Dáil debates

Wednesday, 29 April 2009

Criminal Justice (Surveillance) Bill 2009: Second Stage

 

12:00 pm

Photo of Dermot AhernDermot Ahern (Louth, Fianna Fail)

I move: "That the Bill be now read a Second Time."

I am pleased to open the Second Stage debate on the Criminal Justice (Surveillance) Bill 2009. It is a mark of the importance of the Bill that the debate on it in the Oireachtas has commenced so soon after its publication and presentation to this House. The primary purpose of the legislation is to facilitate the use in evidence of material gained by means of secret surveillance in criminal proceedings. At the same time, the Bill will ensure that the encroachment on certain rights relating to personal privacy and privacy of property, particularly a dwelling, which this entails is limited and proportionate. It deals with these objectives in two ways. First, the Bill provides for the first time a basis in law for secret surveillance by the organs of the State, principally the Garda Síochána in its role as the primary law enforcement and security agency of the State. The Defence Forces are included because of their parallel responsibility in protecting the security of the State, mainly against threats posed by subversives and international terrorism. The Revenue Commissioners have a frontline role in protecting the financial interests of the State and the European Union and guarding against the illegal importation of drugs and firearms. It is easy to see how the interests of these agencies may coincide In the case of joint operations by the Garda and the Revenue Commissioners, money laundering and tax evasion are targeted. That is a key element in the fight against organised and subversive crime. Second, the Bill sets out the rules that will apply to the admissibility of that evidence.

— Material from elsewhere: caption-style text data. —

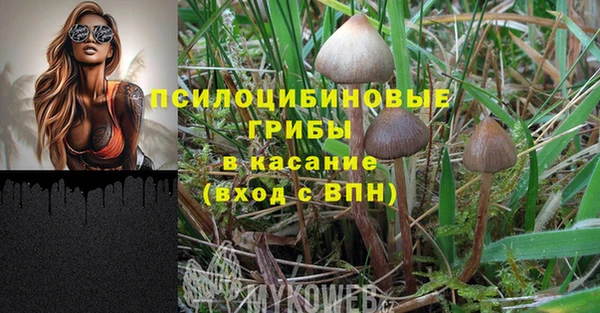 ALPHA PVP Алексин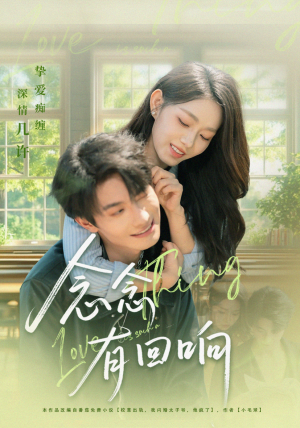 念念有回响（78集）短剧完整版免费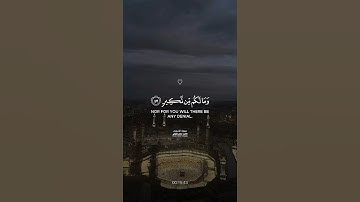 تلاوة الشيخ ماهر المعيقلي - سورة الشورى❤️❤️❤️. !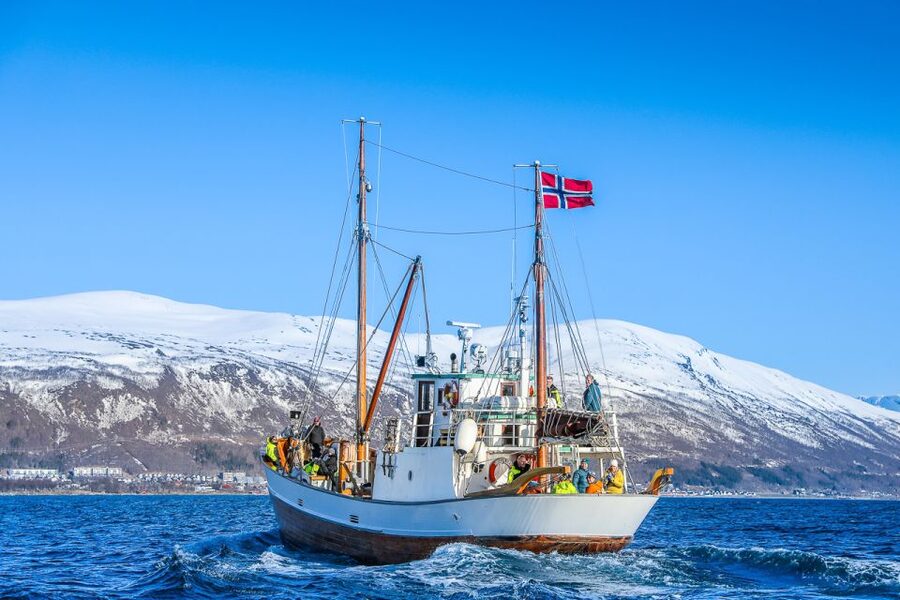 Tromsø: Fjord History Cruise with Snack and Drinks - What the $156 price really covers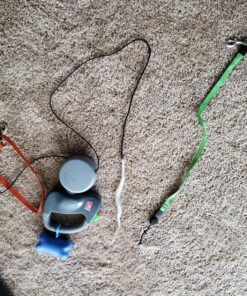 WIGZI (2 Two Dog Reflective Retractable Pet Leash – 360 Degree Zero Tangle Patent - Two Dogs Each up to 50 lbs and 10ft. Reflective Orange and Green Leads. Dual Locking, Small, Gray 37 91efpQxAEGL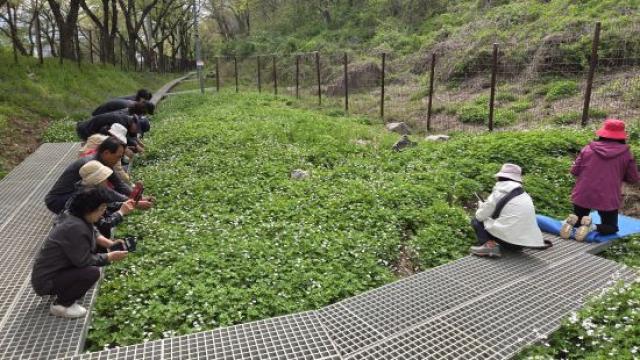 [NSP NEWS Image]구례 남바람꽃 개화 올해도 성황리 마무리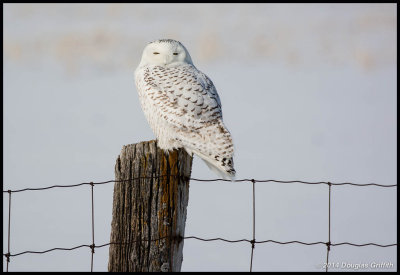 Snowy Owl 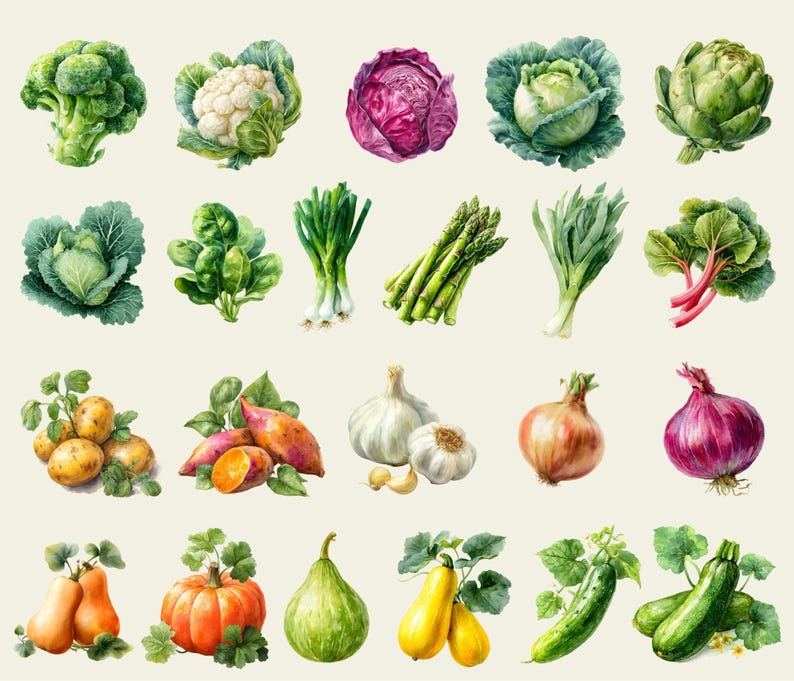 Vegetable Clipart Set – 44 Watercolor PNG, Fresh Garden Veggie ...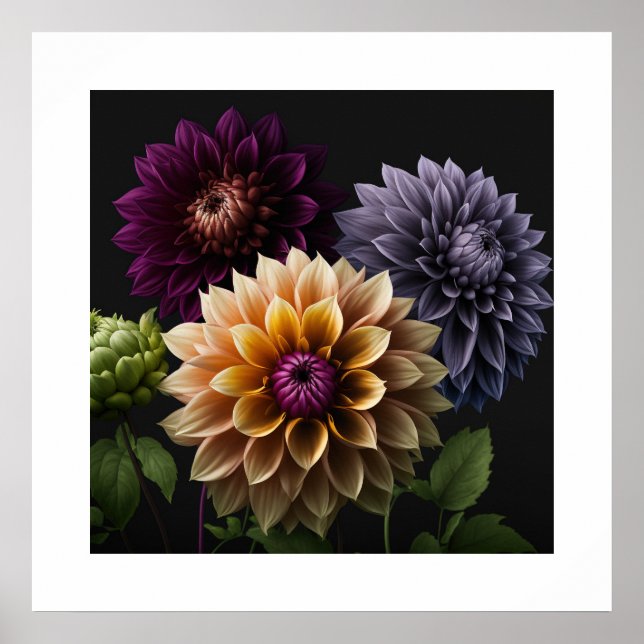 Poster Dahlia Blume (Vorne)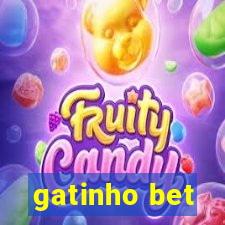 gatinho bet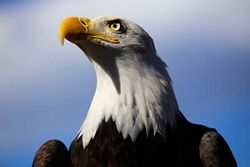 SM200910013 - Seward to Tokyo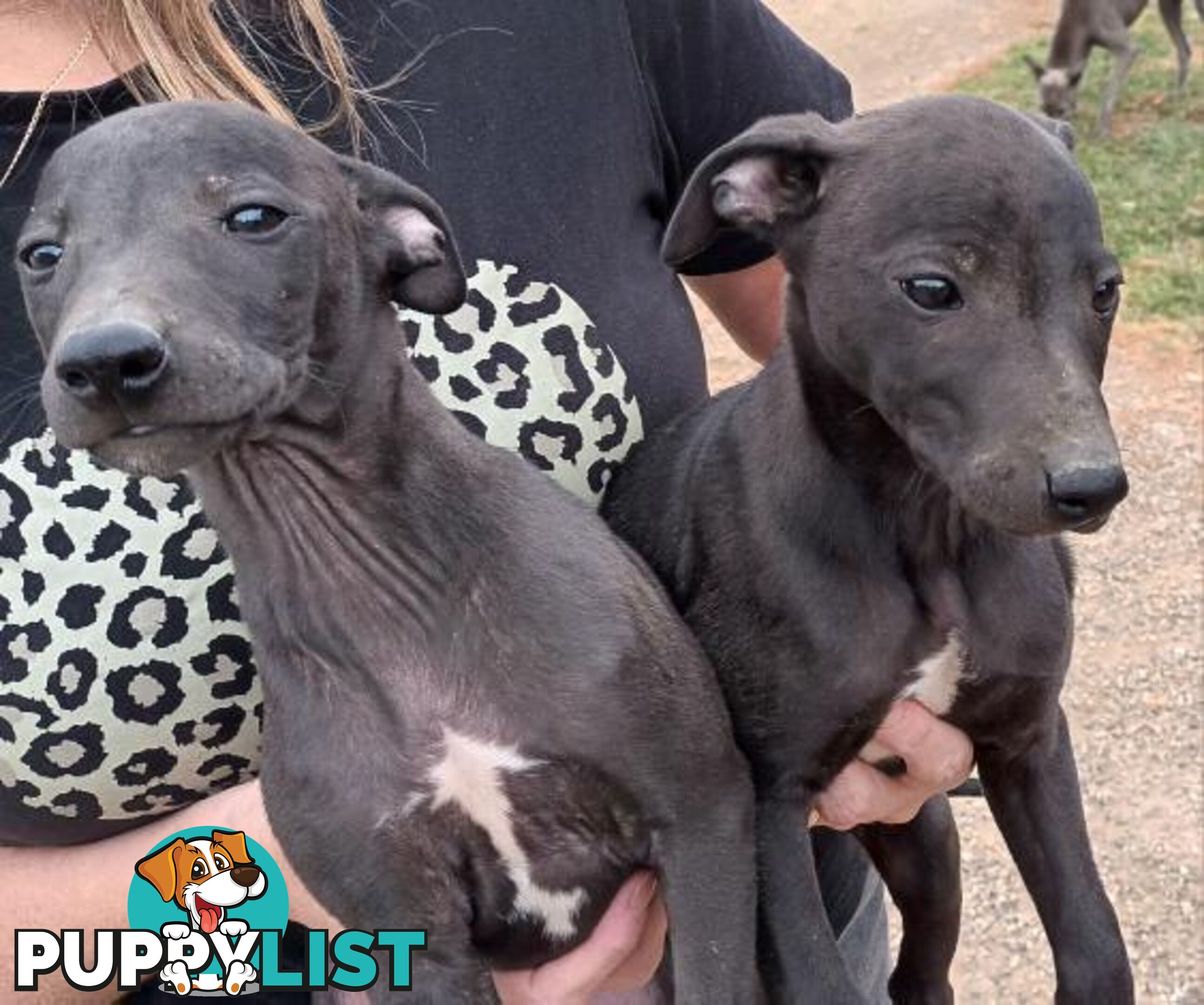 Family Friendly Purebred Whippet Puppies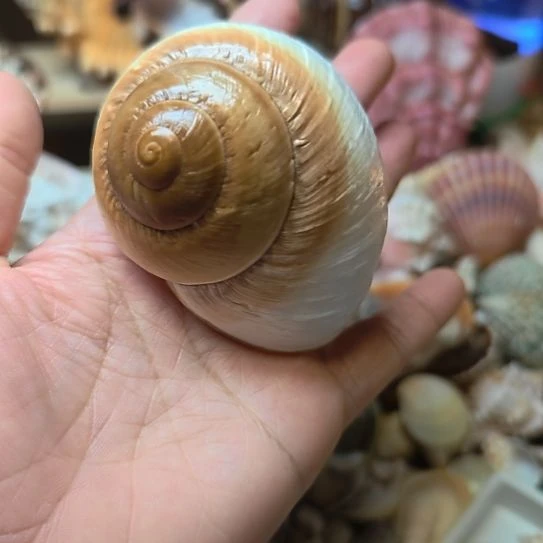 石材天然海螺贝壳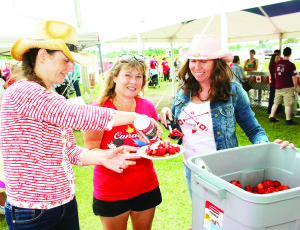 What would a Strawberry Festival be without strawberries? Nine-year volunteer Angie Saylors and Christine Starling of Shelburne were serving Ewa Kazzkowski.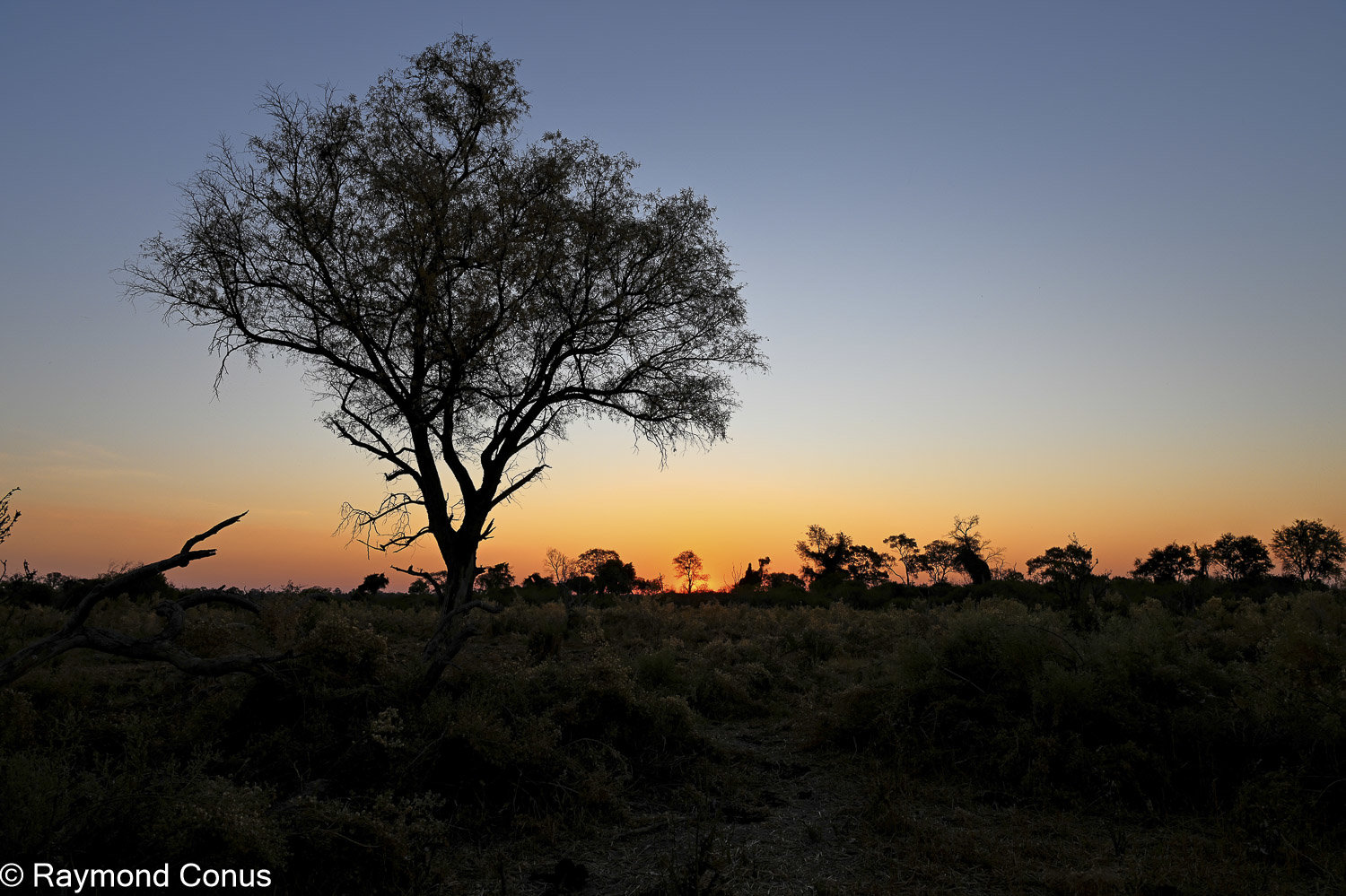 Okavango Delta (55)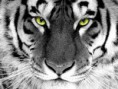 /album/fotogalerij/tijger-jpg/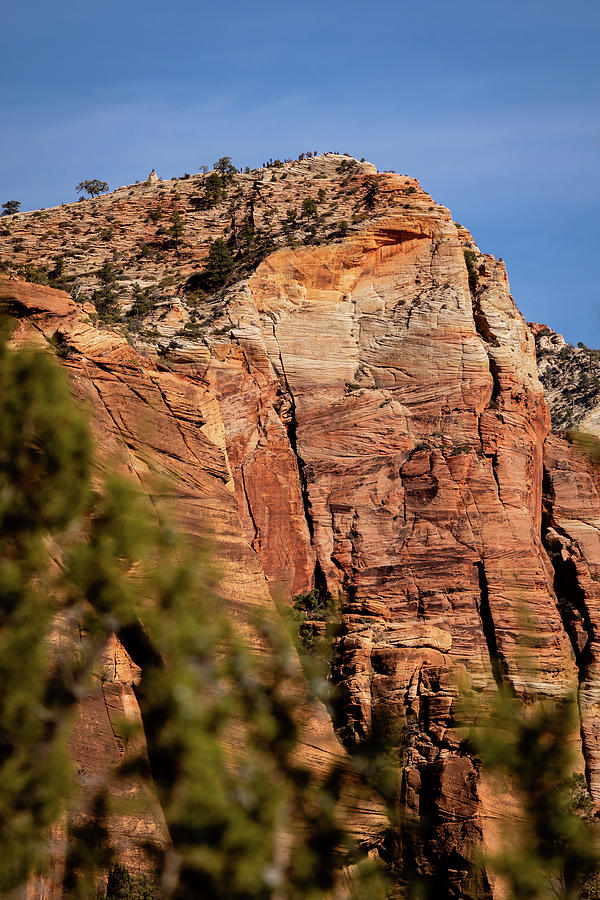 Angels Landing from the Kayenta Trail Photograph by Craig A Walker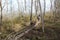 Eco path wooden walkway, ecological trail path - route walkways laid in the forest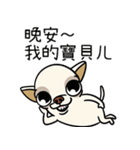 小さなチワワは喧嘩が大好き 2（個別スタンプ：40）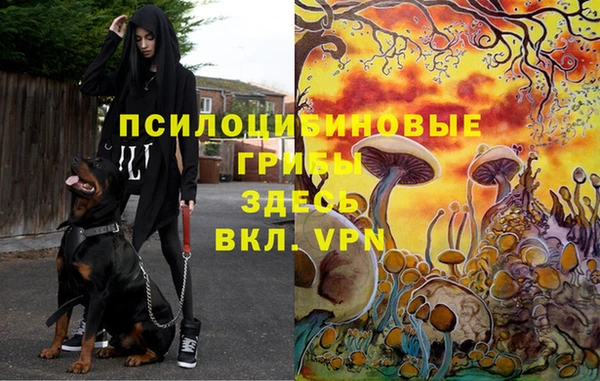 скорость mdpv Бугульма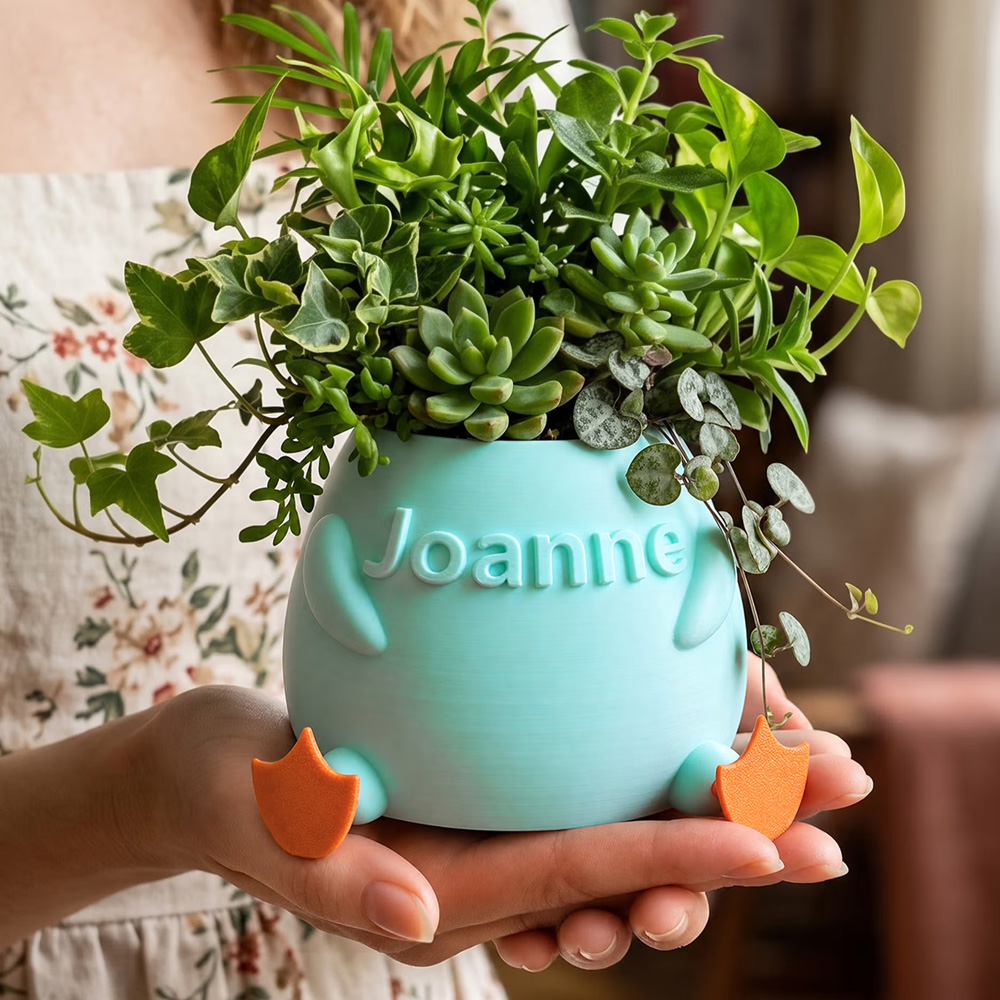 Personalized Name 3D Printed Planter with Duck Feet/Chicken Feet Succulent Flower Plant Pot Farmhouse Decor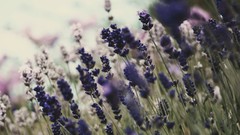 Nature Flowers macro depth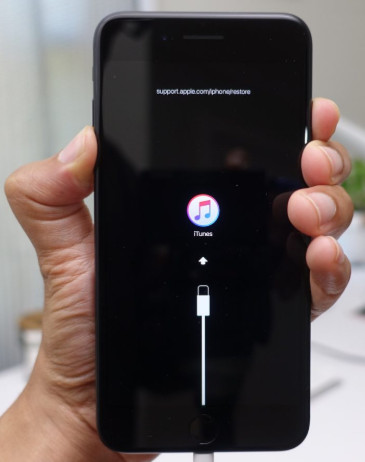 iphone apple logo shows then turns off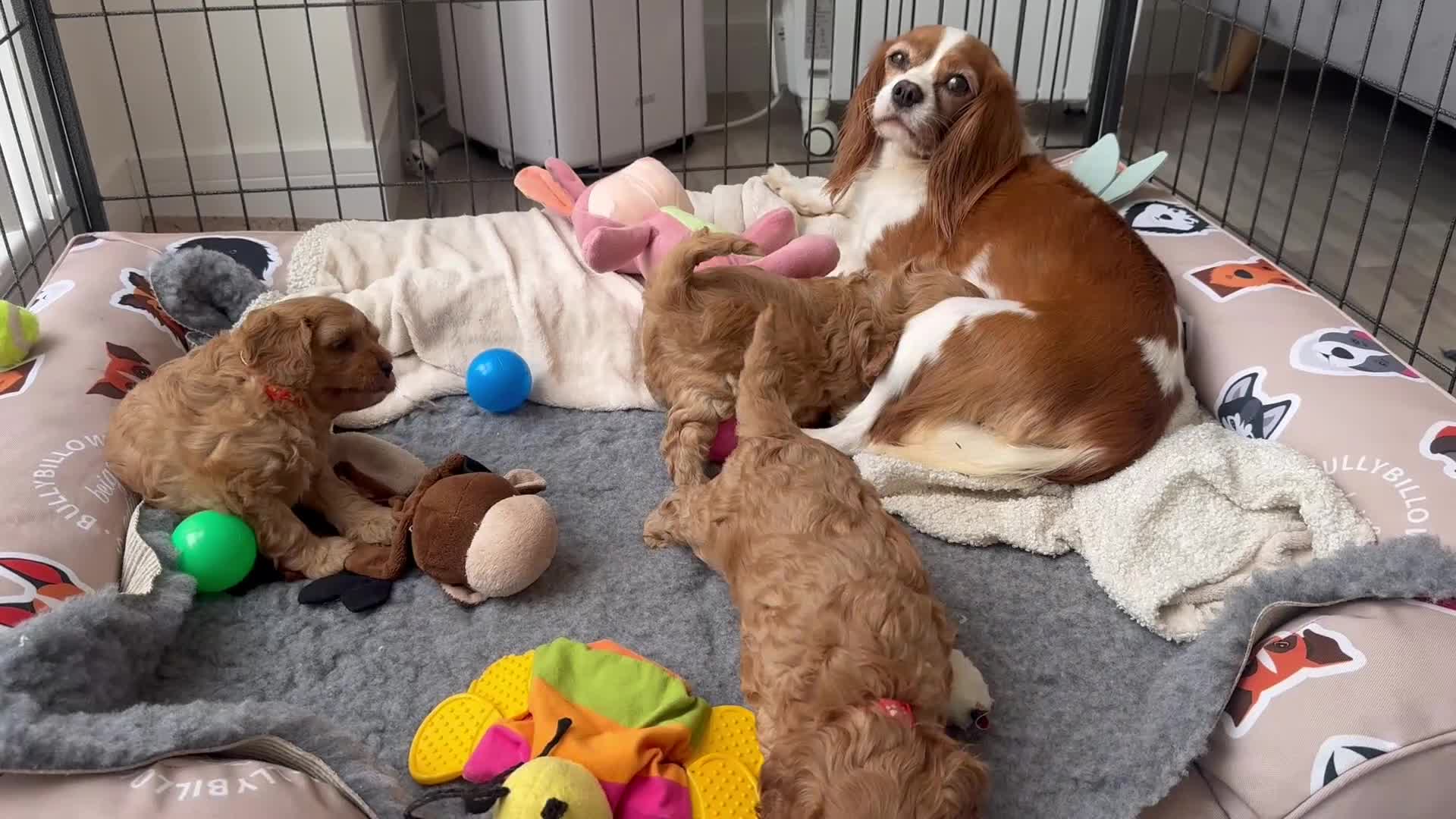 Cavapoo dogs for sale: Extensively Health tested F1 Cavapoo🐾 puppies - Video 1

As the Garda Commissioner said at the launch of the Bill on 17 April, surveillance is as old as policing. It takes many forms, the simplest of which is keeping a track on a person's movements on foot or in a car, or using binoculars, a camera or CCTV in public places. Clearly, this Bill is not about such forms of surveillance. The area of electronic surveillance, such as the interception of telecommunications, is the subject of the Interception of Postal Packets and Telecommunications (Messages) Act 1993. Secret electronic surveillance devices, which are specifically designed to eavesdrop, film, monitor movements and record information, are being increasingly used in the 21st century. This Bill seeks to regulate the use of such devices by the agencies concerned. As secret surveillance is invasive and intrusive, the principles of the Constitution and the European Convention on Human Rights must be considered before any interference with privacy rights can be contemplated. It is generally accepted that in a democratic society, a state may exercise special powers denied to ordinary citizens in certain circumstances and in the common interest. The right to privacy, which may be interfered with in certain circumstances and subject to certain safeguards like those set out in the Bill, is a case in point. This area was examined in detail by the Law Reform Commission in its 1996 consultation paper and again in its 1998 report, Privacy: Surveillance and the Interception of Communications.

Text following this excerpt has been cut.